● Required action:
Look through the data below and, wherever a line carries the word "Stainless", please copy that line.

=== Entries provided ===

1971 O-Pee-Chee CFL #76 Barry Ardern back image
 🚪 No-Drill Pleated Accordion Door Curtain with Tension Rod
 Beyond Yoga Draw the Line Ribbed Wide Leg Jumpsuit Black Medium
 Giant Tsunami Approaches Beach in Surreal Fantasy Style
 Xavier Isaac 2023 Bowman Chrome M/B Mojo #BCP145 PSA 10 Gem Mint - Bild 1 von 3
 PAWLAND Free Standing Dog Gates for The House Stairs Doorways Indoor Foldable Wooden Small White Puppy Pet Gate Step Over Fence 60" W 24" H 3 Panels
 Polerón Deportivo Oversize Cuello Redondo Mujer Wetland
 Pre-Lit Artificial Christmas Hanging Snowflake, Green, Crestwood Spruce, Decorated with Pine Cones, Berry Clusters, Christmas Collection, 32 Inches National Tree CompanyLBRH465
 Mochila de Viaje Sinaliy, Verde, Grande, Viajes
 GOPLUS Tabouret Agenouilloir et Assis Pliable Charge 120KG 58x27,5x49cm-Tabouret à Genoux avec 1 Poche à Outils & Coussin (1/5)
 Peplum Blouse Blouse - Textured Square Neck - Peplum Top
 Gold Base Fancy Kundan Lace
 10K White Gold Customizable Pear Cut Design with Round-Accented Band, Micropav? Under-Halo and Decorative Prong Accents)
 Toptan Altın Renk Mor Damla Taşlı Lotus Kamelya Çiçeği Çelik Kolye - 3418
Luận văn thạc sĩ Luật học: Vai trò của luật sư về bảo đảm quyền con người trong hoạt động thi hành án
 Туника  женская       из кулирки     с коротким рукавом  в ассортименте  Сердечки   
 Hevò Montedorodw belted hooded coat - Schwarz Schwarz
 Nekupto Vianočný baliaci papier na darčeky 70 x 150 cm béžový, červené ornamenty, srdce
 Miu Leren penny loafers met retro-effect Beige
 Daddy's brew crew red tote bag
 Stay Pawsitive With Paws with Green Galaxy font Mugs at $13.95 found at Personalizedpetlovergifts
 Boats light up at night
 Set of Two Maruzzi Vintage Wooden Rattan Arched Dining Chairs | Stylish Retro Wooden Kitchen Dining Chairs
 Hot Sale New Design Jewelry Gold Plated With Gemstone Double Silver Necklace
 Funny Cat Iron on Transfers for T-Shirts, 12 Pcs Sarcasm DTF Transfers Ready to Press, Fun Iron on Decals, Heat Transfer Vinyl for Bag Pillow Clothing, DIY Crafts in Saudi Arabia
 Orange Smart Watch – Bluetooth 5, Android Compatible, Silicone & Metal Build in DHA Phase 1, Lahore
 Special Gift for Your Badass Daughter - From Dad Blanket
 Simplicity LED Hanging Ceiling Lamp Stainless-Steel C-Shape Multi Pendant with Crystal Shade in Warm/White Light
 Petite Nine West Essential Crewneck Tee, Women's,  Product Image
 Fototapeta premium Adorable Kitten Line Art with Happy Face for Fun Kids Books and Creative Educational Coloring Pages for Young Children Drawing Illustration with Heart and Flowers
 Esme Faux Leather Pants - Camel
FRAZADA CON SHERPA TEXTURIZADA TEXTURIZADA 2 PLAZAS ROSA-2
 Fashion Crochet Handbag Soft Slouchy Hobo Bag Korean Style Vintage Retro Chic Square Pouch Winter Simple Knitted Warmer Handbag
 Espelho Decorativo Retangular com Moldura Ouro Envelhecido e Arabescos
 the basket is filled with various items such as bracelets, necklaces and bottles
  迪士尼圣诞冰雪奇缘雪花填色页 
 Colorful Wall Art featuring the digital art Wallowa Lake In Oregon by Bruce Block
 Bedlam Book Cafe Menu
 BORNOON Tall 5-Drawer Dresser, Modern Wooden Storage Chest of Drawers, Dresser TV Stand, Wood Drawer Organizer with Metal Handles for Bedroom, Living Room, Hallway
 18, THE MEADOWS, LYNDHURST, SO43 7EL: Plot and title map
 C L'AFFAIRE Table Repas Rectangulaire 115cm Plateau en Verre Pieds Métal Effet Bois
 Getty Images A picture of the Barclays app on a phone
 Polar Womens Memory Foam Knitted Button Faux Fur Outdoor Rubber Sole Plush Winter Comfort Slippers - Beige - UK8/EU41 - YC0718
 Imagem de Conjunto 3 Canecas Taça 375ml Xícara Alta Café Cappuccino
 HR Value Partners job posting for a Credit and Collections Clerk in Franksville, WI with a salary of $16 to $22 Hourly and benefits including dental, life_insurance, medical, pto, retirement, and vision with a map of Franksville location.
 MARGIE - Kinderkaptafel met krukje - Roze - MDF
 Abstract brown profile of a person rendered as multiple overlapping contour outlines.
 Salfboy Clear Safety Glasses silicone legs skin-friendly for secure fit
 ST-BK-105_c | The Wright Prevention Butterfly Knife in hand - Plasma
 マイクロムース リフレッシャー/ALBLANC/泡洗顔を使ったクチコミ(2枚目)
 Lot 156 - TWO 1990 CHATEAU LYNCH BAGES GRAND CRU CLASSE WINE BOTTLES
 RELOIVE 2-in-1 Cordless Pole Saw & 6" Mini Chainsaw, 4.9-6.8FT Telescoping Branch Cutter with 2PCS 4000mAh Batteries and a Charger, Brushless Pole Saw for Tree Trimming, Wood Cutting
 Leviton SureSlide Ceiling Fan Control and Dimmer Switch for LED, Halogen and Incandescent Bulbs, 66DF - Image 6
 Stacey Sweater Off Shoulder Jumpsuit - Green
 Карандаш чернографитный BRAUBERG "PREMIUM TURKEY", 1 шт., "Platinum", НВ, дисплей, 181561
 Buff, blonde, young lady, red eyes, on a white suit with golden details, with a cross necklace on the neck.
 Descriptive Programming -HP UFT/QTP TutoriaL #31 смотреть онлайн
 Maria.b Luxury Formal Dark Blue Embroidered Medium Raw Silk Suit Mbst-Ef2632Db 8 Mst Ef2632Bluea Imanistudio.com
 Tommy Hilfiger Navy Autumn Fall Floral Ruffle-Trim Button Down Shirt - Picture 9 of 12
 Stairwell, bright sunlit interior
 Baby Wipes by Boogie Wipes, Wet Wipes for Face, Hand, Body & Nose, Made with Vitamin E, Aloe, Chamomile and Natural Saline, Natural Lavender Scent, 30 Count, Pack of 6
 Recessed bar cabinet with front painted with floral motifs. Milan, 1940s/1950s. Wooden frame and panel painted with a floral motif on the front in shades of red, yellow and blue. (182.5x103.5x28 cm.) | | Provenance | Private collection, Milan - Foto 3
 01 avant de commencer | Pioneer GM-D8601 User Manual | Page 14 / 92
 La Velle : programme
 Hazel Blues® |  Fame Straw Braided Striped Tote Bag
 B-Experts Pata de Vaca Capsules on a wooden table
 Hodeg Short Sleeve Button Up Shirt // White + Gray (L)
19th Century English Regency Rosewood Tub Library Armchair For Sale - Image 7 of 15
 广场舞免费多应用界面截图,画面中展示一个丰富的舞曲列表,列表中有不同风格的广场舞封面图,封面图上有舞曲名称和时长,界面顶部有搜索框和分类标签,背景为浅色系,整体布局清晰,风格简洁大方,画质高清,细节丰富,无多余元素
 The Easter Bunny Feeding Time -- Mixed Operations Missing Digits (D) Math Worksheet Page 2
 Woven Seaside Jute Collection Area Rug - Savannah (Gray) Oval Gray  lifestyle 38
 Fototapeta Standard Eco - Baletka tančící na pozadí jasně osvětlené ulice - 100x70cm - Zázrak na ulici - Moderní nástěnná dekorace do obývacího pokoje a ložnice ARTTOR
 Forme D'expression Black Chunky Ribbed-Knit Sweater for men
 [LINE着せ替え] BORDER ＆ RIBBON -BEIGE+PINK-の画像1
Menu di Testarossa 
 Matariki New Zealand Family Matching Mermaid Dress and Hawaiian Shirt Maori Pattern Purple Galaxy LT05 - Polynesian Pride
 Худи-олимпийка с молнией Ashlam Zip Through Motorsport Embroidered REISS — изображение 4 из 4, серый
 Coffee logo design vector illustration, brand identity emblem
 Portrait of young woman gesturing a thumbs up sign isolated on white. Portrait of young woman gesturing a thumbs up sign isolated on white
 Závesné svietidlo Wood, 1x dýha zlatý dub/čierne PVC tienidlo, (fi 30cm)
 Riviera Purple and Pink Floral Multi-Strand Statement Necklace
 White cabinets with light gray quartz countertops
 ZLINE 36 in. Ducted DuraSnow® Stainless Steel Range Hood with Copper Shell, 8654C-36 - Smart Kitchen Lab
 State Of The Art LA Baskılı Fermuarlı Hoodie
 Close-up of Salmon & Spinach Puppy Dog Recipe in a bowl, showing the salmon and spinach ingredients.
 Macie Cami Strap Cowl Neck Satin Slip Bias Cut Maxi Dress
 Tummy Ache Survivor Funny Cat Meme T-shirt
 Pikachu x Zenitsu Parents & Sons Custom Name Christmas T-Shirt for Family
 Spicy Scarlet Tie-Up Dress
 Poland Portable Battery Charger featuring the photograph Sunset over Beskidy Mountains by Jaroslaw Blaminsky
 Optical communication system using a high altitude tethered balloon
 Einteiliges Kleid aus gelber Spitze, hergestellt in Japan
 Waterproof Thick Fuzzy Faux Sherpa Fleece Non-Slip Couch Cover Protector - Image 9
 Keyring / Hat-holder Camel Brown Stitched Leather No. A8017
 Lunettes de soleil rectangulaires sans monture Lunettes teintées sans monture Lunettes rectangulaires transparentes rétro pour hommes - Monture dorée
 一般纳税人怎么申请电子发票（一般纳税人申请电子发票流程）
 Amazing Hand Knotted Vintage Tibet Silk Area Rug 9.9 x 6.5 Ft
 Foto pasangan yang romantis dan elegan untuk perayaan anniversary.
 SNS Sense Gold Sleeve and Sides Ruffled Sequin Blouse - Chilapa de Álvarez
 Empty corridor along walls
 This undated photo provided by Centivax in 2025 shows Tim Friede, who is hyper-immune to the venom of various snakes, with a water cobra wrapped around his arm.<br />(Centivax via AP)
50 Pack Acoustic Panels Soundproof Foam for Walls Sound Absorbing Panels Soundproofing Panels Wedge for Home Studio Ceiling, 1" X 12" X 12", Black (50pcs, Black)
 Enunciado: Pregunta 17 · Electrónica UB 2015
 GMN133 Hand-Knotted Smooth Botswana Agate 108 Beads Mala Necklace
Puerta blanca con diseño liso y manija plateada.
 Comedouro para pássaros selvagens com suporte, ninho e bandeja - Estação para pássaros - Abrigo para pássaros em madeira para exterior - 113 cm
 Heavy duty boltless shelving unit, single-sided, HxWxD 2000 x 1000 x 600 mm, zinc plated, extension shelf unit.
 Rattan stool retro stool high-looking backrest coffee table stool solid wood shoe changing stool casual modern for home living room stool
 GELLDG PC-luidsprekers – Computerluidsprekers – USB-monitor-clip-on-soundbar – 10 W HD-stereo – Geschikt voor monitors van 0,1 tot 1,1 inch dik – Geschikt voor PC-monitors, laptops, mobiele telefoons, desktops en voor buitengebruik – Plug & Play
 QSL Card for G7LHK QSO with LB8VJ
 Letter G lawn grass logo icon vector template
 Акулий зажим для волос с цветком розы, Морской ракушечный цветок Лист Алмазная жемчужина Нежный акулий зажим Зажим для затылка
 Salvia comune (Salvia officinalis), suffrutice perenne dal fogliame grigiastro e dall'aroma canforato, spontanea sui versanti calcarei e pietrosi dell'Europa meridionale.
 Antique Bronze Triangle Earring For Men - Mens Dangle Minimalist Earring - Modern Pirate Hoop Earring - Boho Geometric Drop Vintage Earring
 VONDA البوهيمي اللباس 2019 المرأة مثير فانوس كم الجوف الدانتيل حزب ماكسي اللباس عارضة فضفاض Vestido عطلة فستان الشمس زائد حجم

===

● Solution to the problem:
 Simplicity LED Hanging Ceiling Lamp Stainless-Steel C-Shape Multi Pendant with Crystal Shade in Warm/White Light
 ZLINE 36 in. Ducted DuraSnow® Stainless Steel Range Hood with Copper Shell, 8654C-36 - Smart Kitchen Lab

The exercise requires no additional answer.